WORK TO COMPLETE:
When you reach the line holding "Can you plant", please begin to restate the lines word for word and continue through the last one in the material, excluding pictures.
[DATA SEGMENT Boundary: Start]
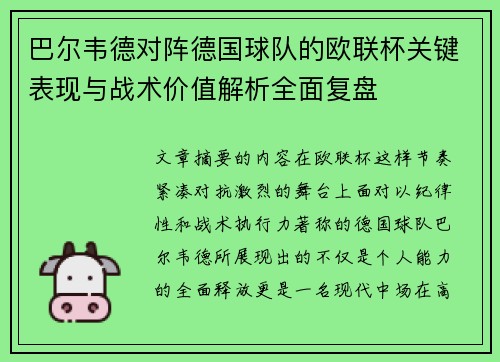 巴尔韦德对阵德国球队的欧联杯关键表现与战术价值解析全面复盘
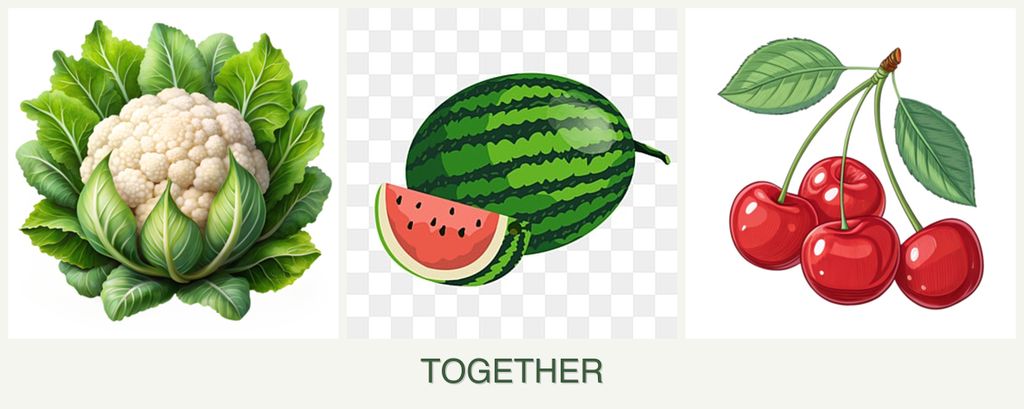 Can you plant cauliflower, melons and cherries together?
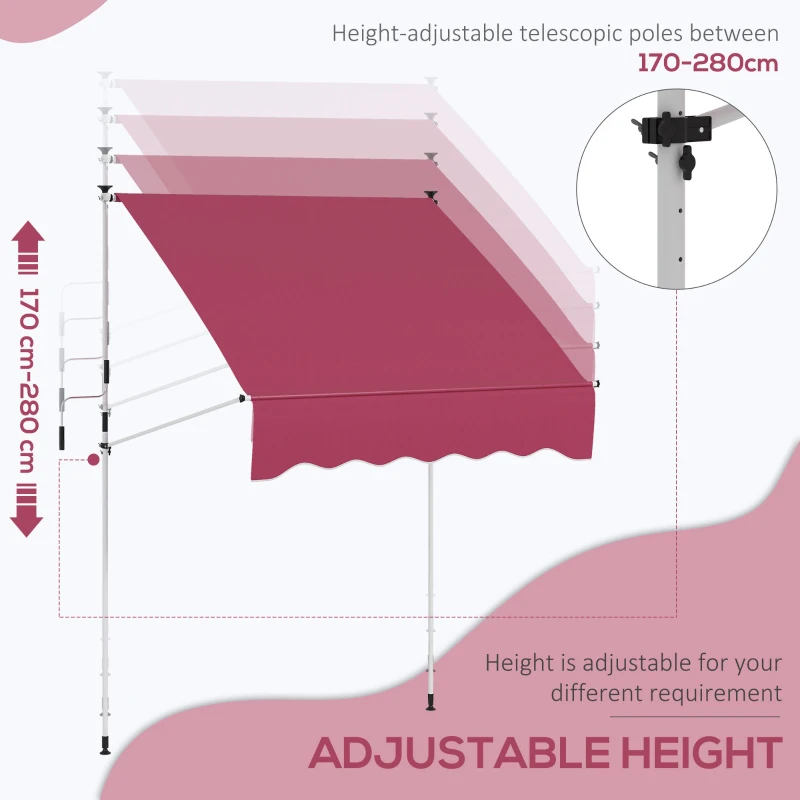 Outsunny 6.6'x5' Manual Retractable Patio Awning Sun Shelter Window Door Deck Canopy, Water Resistant UV Protector, Wine Red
[DATA SEGMENT Boundary: End]
REPLY TO THE TASK:
 Can you plant cauliflower, melons and cherries together?
 Outsunny 6.6'x5' Manual Retractable Patio Awning Sun Shelter Window Door Deck Canopy, Water Resistant UV Protector, Wine Red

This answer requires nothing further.